SUPPLIED INFORMATION:
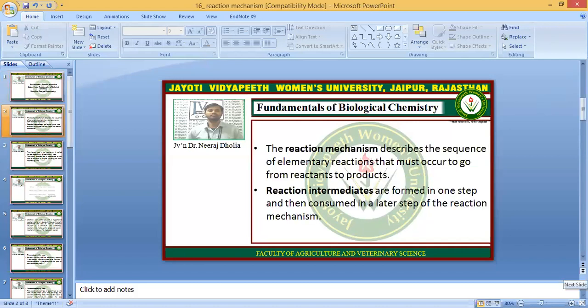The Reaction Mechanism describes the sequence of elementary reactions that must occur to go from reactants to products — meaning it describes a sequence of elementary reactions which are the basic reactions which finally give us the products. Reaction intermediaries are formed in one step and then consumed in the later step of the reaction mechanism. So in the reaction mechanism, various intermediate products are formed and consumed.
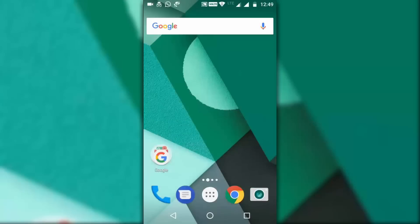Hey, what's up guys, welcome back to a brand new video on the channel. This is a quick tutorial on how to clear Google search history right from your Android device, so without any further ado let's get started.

* * *

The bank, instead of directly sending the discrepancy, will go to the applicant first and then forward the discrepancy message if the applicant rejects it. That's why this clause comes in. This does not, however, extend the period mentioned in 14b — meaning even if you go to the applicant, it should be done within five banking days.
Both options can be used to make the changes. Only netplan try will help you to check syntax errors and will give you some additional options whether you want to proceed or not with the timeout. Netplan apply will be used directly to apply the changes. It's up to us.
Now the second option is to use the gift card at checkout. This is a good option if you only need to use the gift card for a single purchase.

WHAT IS EXPECTED:
If a line in the records above contains the word "will", copy it.

EXERCISE SOLUTION:
The bank, instead of directly sending the discrepancy, will go to the applicant first and then forward the discrepancy message if the applicant rejects it. That's why this clause comes in. This does not, however, extend the period mentioned in 14b — meaning even if you go to the applicant, it should be done within five banking days.
Both options can be used to make the changes. Only netplan try will help you to check syntax errors and will give you some additional options whether you want to proceed or not with the timeout. Netplan apply will be used directly to apply the changes. It's up to us.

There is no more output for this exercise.